◆ **TASK DETAILS**: Could you repeat the data word for word while skipping the pictures?

◆ **DATA TO USE**:
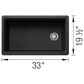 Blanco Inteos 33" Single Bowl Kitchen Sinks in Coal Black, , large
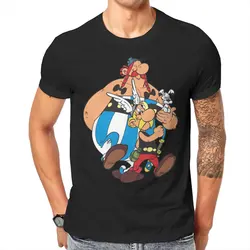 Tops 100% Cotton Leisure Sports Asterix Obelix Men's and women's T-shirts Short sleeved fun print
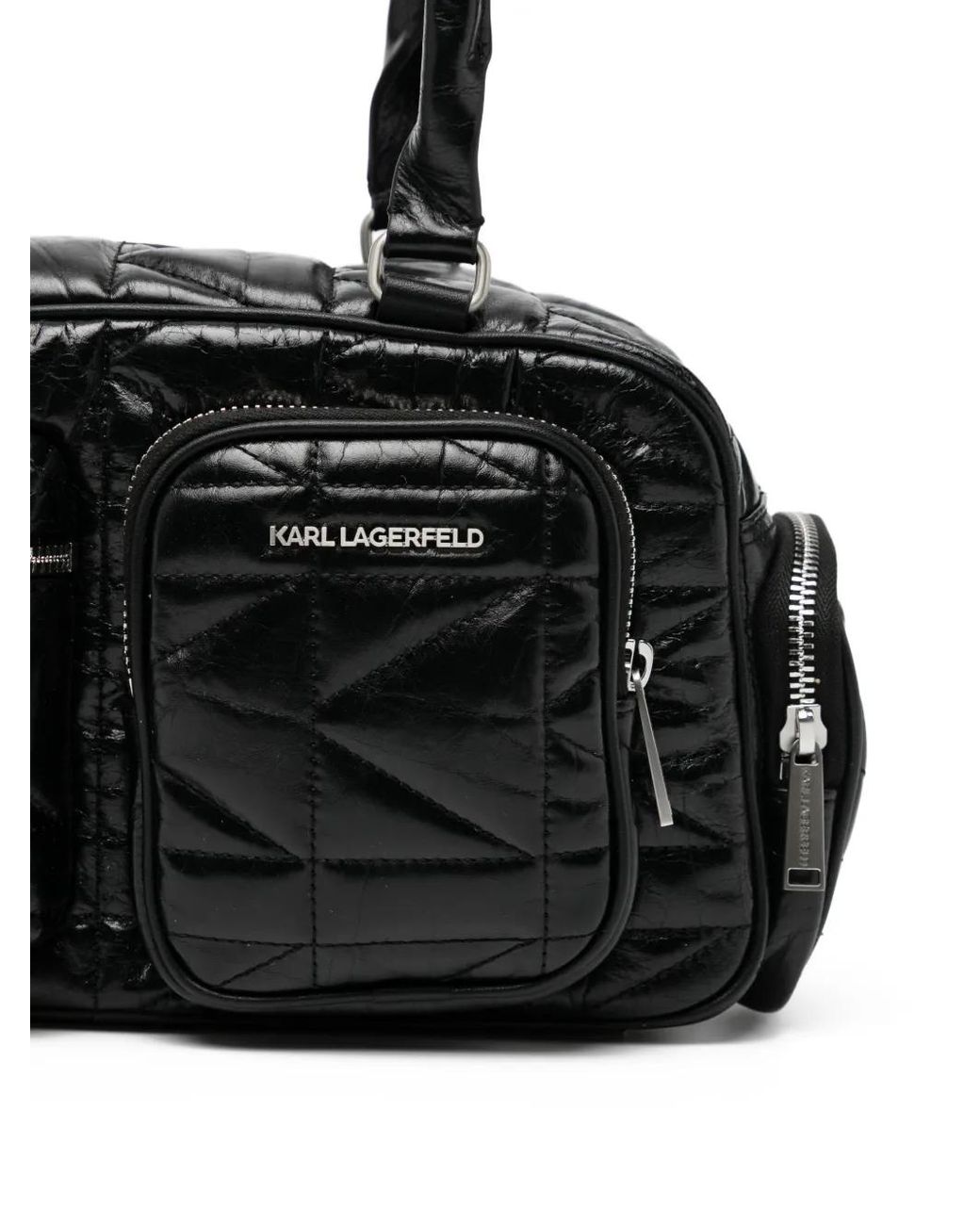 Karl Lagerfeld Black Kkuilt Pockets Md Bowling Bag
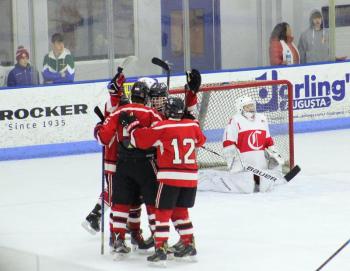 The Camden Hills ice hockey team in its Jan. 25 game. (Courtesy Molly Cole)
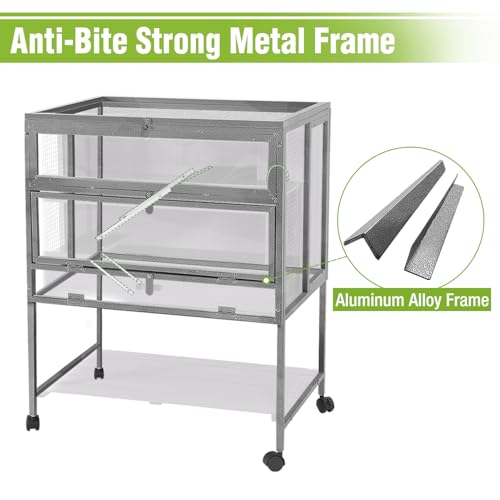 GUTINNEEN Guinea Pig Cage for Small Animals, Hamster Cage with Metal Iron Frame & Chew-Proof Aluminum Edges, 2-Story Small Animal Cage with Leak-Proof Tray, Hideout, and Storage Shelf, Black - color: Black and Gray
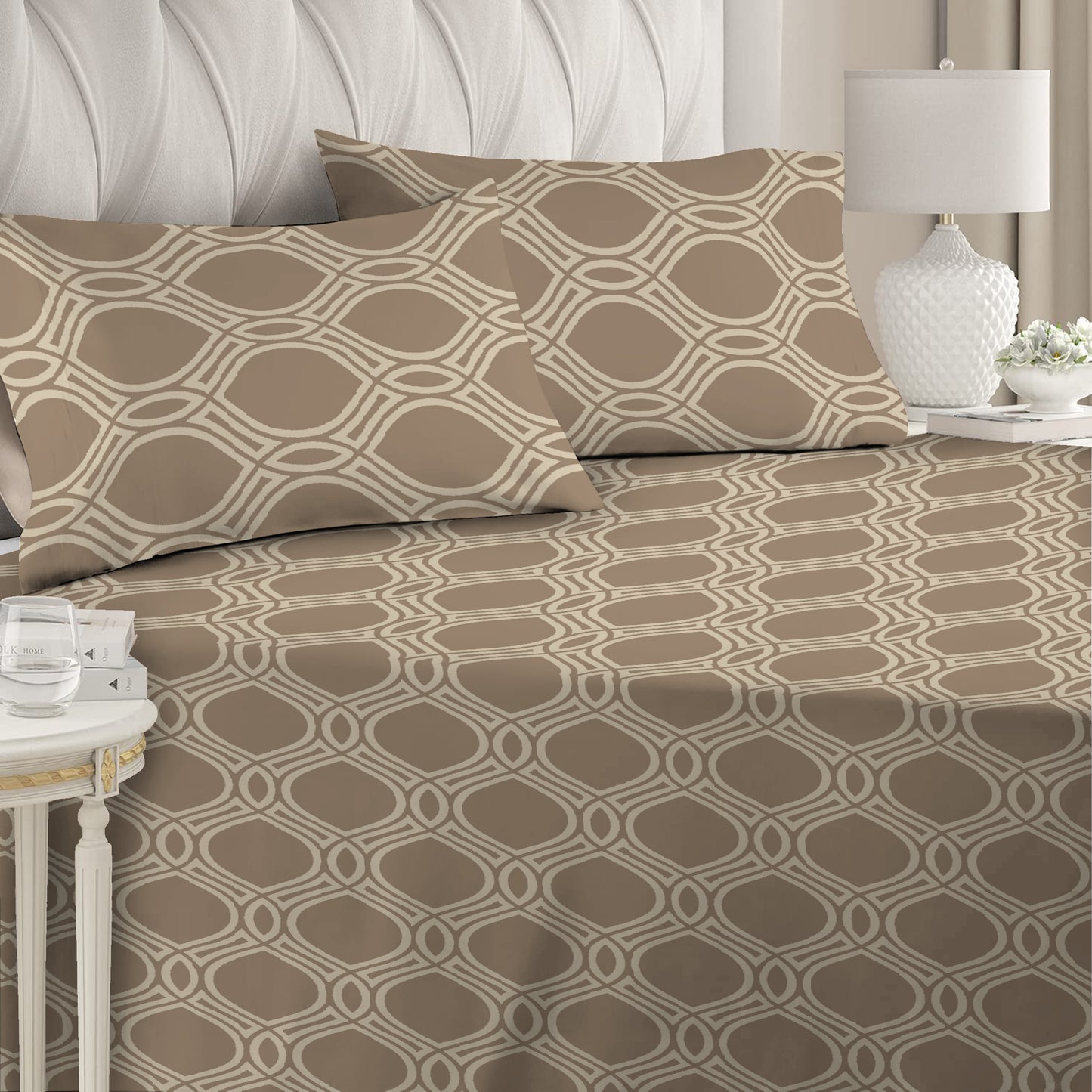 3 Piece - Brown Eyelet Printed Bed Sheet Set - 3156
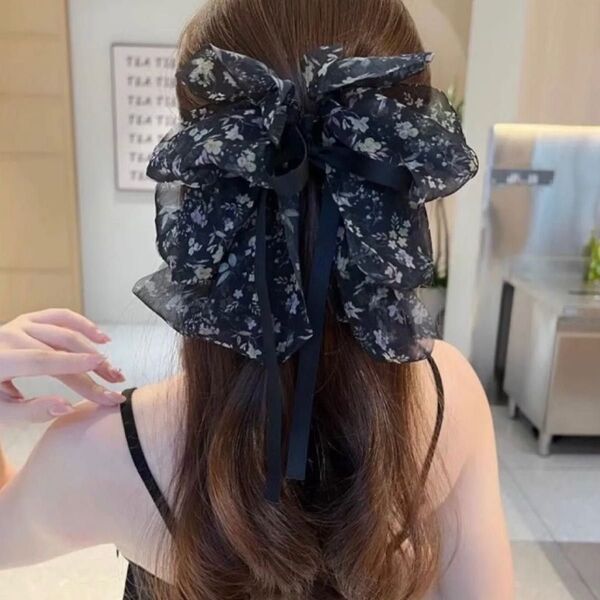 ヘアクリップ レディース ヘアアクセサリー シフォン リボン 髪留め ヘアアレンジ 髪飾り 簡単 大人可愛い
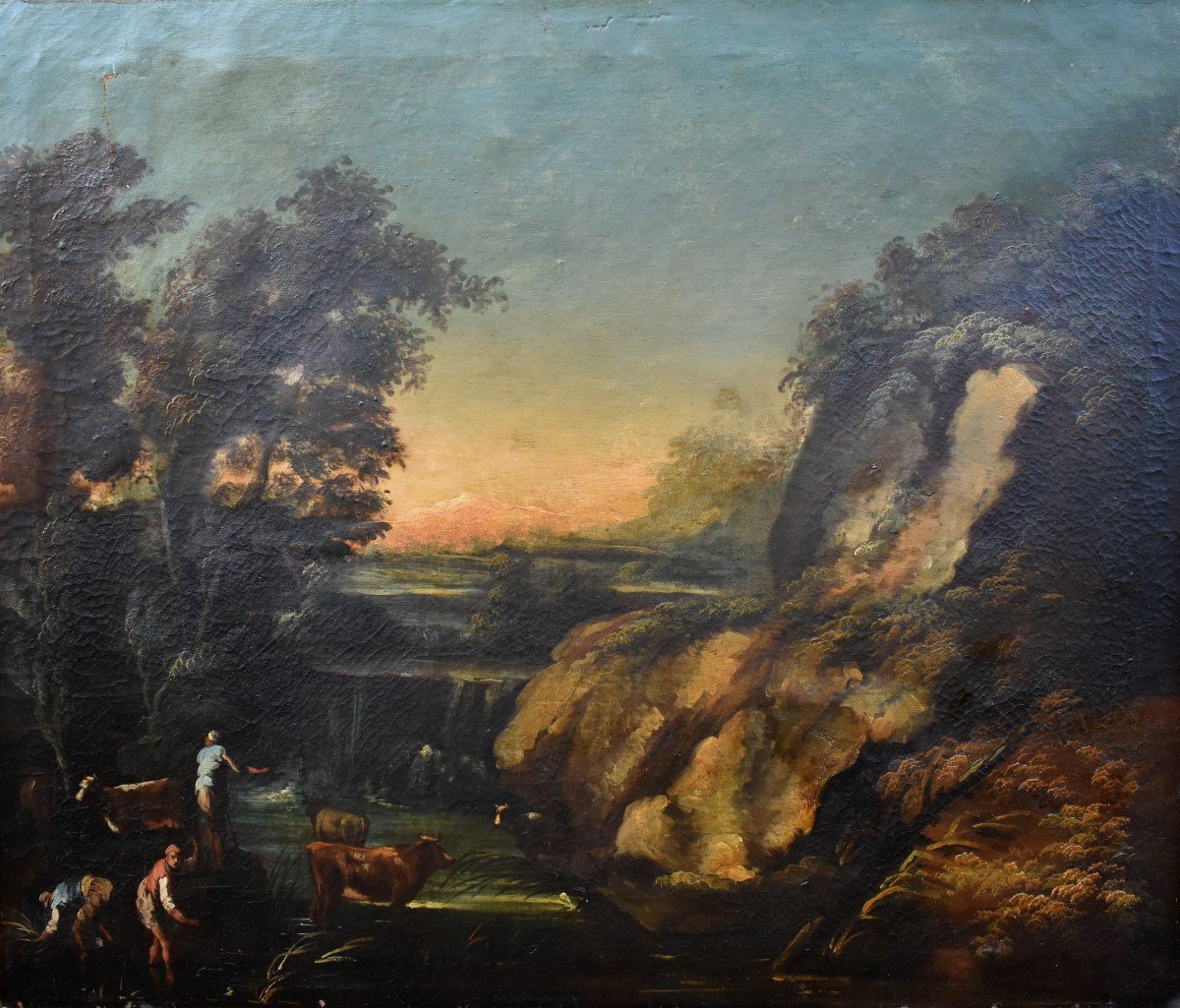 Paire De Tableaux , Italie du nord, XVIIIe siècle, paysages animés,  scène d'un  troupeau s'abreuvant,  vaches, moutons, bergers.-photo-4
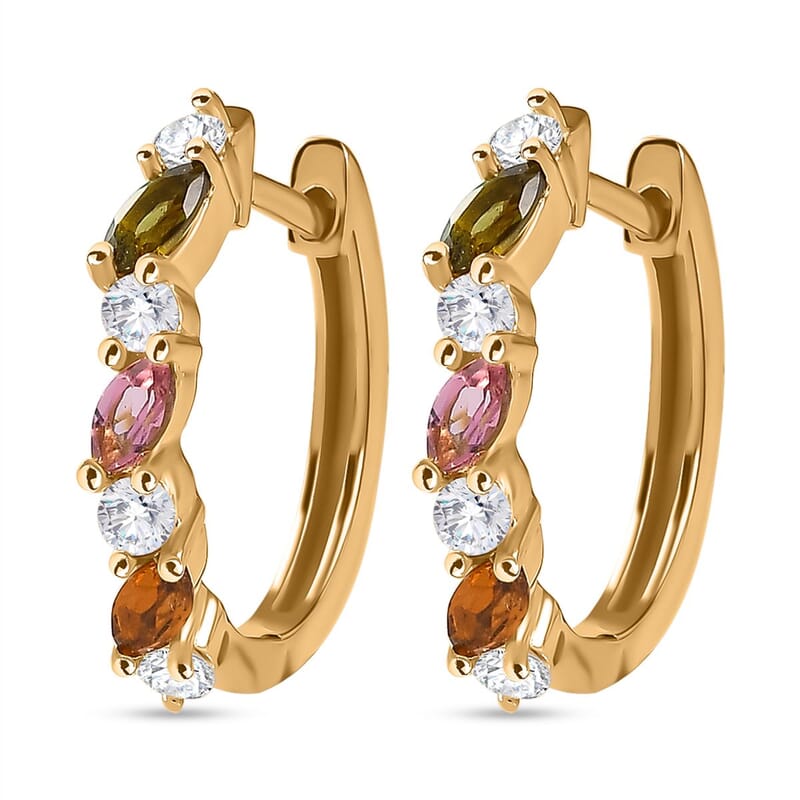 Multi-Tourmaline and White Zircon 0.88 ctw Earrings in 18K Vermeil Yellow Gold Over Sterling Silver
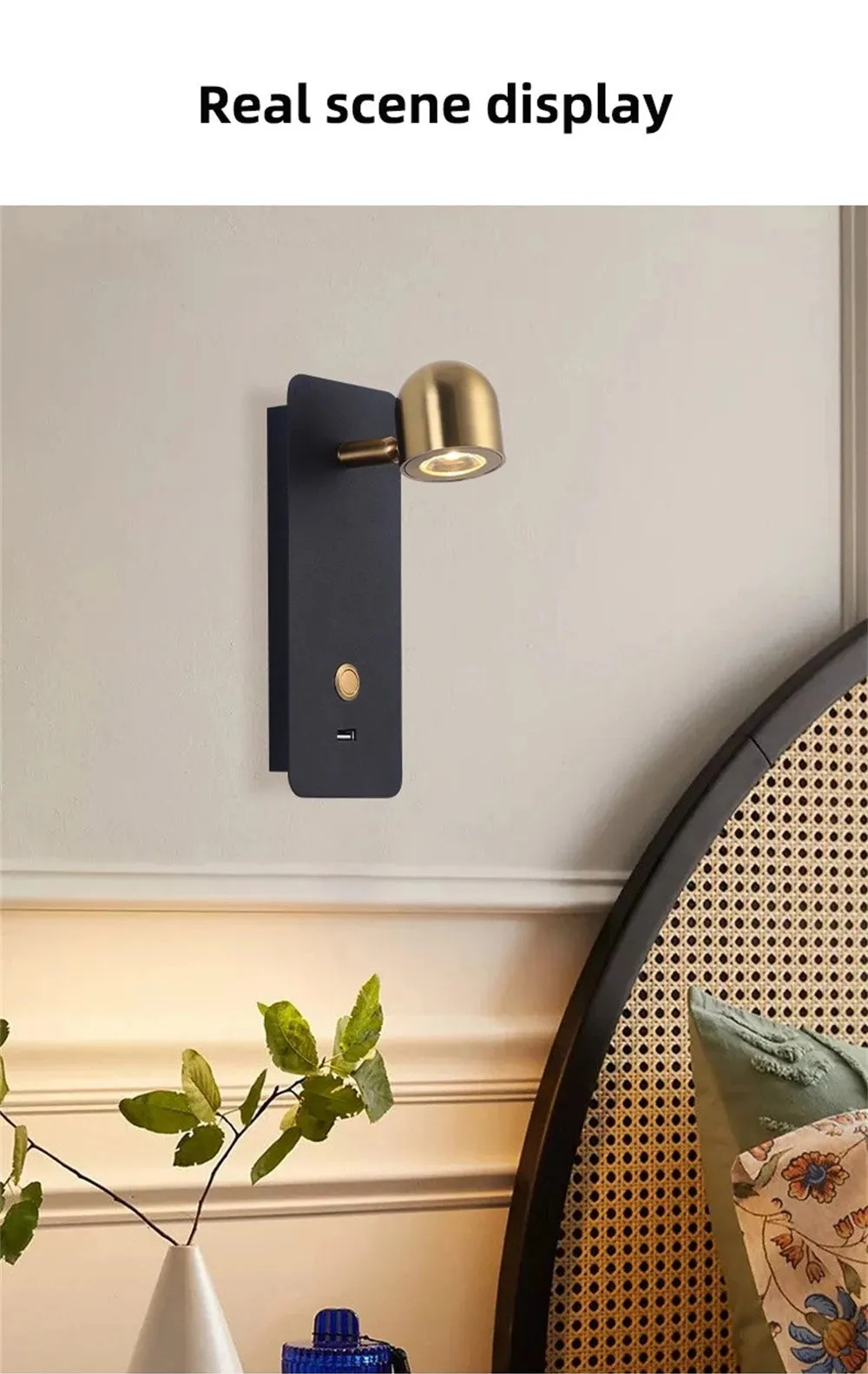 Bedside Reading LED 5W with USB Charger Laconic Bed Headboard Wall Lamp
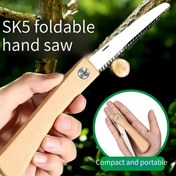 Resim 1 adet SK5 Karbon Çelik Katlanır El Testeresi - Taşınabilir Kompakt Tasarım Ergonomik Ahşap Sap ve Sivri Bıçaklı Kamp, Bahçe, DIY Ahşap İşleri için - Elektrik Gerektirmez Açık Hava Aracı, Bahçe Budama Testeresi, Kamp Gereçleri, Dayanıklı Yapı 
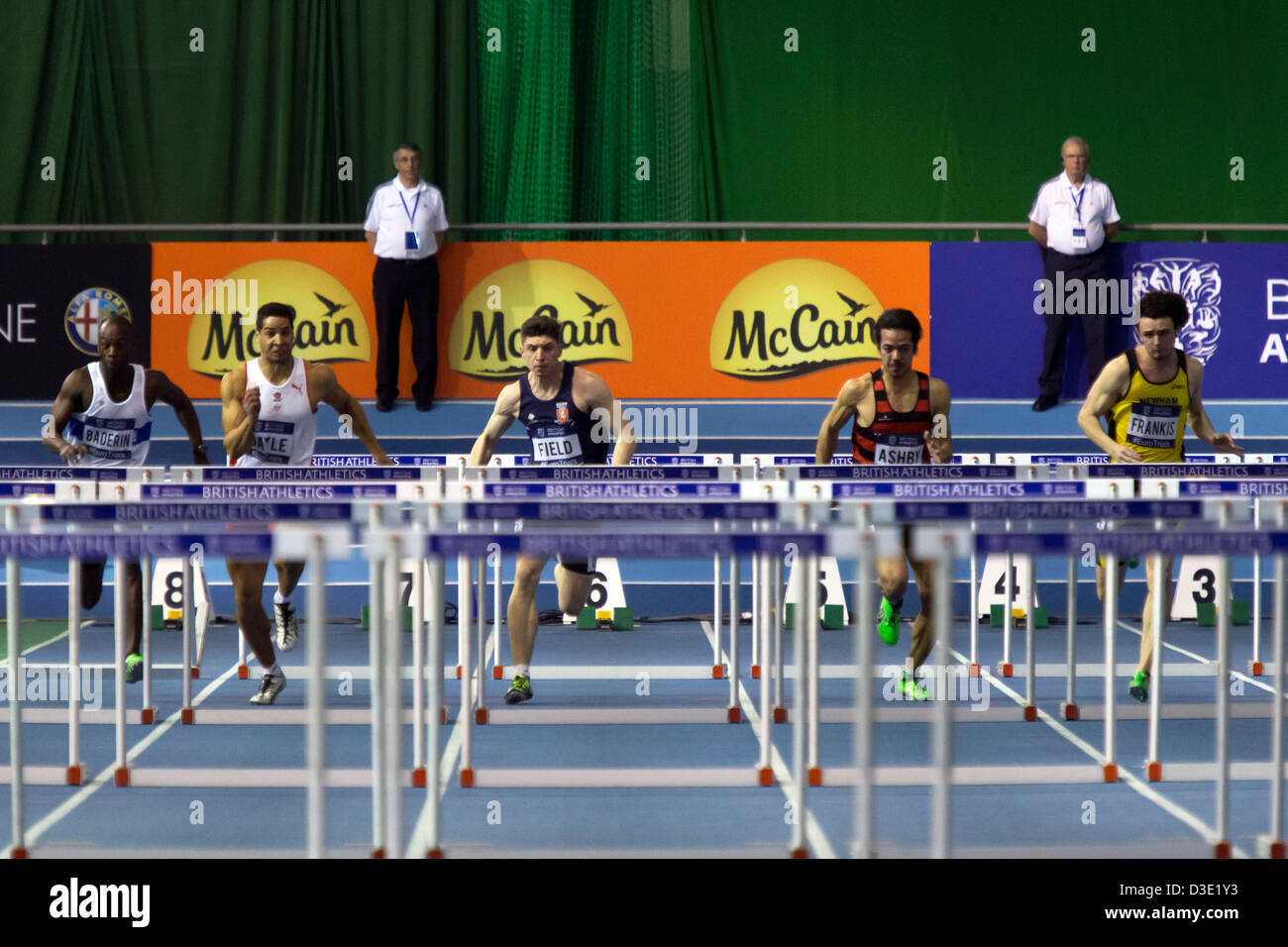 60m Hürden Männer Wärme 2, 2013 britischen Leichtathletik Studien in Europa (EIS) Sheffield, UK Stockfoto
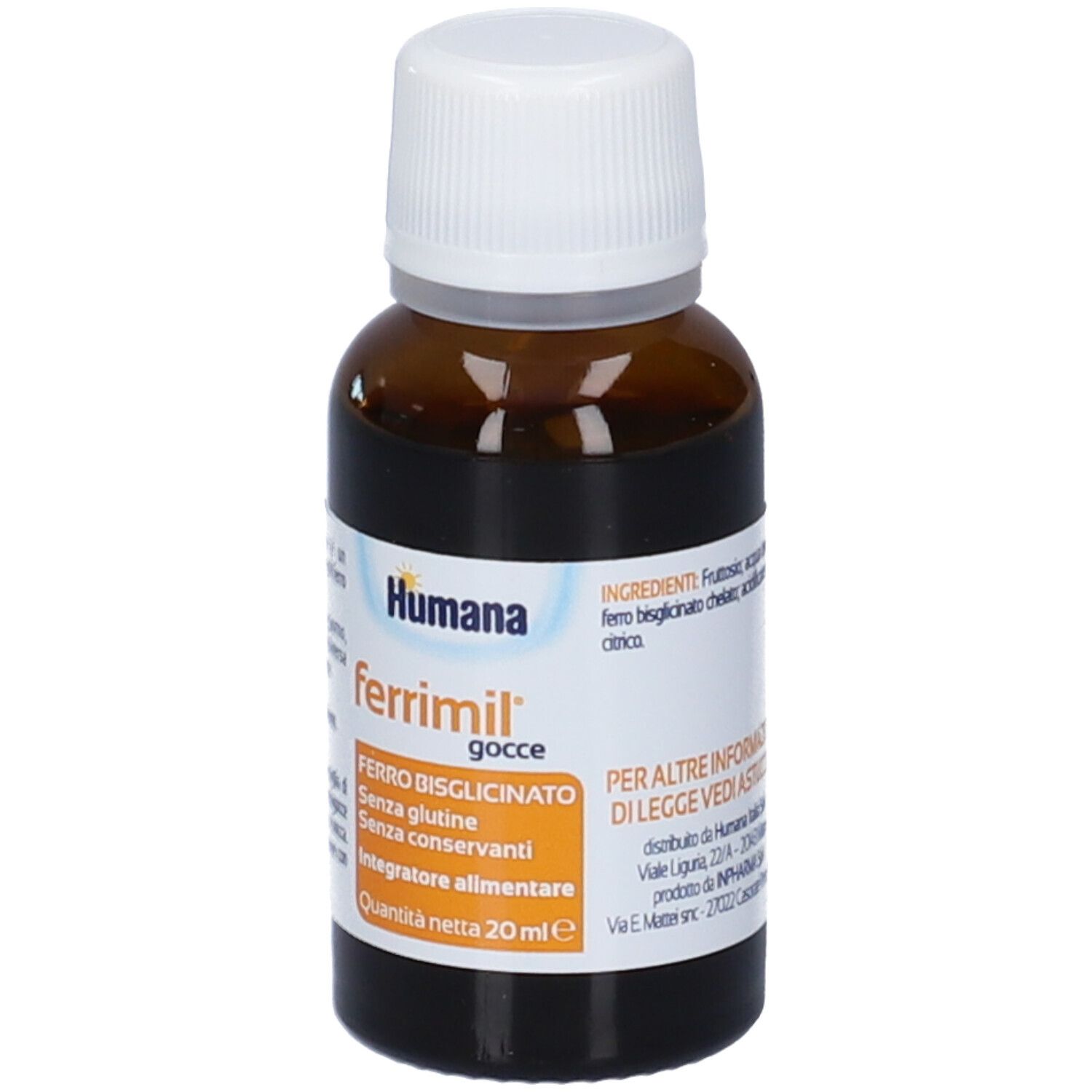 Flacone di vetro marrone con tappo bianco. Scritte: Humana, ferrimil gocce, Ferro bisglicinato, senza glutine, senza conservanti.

◆ **REPLY**:
 Blanco Inteos 33" Single Bowl Kitchen Sinks in Coal Black, , large
 Tops 100% Cotton Leisure Sports Asterix Obelix Men's and women's T-shirts Short sleeved fun print
 Karl Lagerfeld Black Kkuilt Pockets Md Bowling Bag
 The Camden Hills ice hockey team in its Jan. 25 game. (Courtesy Molly Cole)
 GUTINNEEN Guinea Pig Cage for Small Animals, Hamster Cage with Metal Iron Frame & Chew-Proof Aluminum Edges, 2-Story Small Animal Cage with Leak-Proof Tray, Hideout, and Storage Shelf, Black - color: Black and Gray
 3 Piece - Brown Eyelet Printed Bed Sheet Set - 3156
 ヘアクリップ レディース ヘアアクセサリー シフォン リボン 髪留め ヘアアレンジ 髪飾り 簡単 大人可愛い
 Paire De Tableaux , Italie du nord, XVIIIe siècle, paysages animés,  scène d'un  troupeau s'abreuvant,  vaches, moutons, bergers.-photo-4
 Multi-Tourmaline and White Zircon 0.88 ctw Earrings in 18K Vermeil Yellow Gold Over Sterling Silver
 Bedside Reading LED 5W with USB Charger Laconic Bed Headboard Wall Lamp
 Resim 1 adet SK5 Karbon Çelik Katlanır El Testeresi - Taşınabilir Kompakt Tasarım Ergonomik Ahşap Sap ve Sivri Bıçaklı Kamp, Bahçe, DIY Ahşap İşleri için - Elektrik Gerektirmez Açık Hava Aracı, Bahçe Budama Testeresi, Kamp Gereçleri, Dayanıklı Yapı 
 60m Hürden Männer Wärme 2, 2013 britischen Leichtathletik Studien in Europa (EIS) Sheffield, UK Stockfoto
 Flacone di vetro marrone con tappo bianco. Scritte: Humana, ferrimil gocce, Ferro bisglicinato, senza glutine, senza conservanti.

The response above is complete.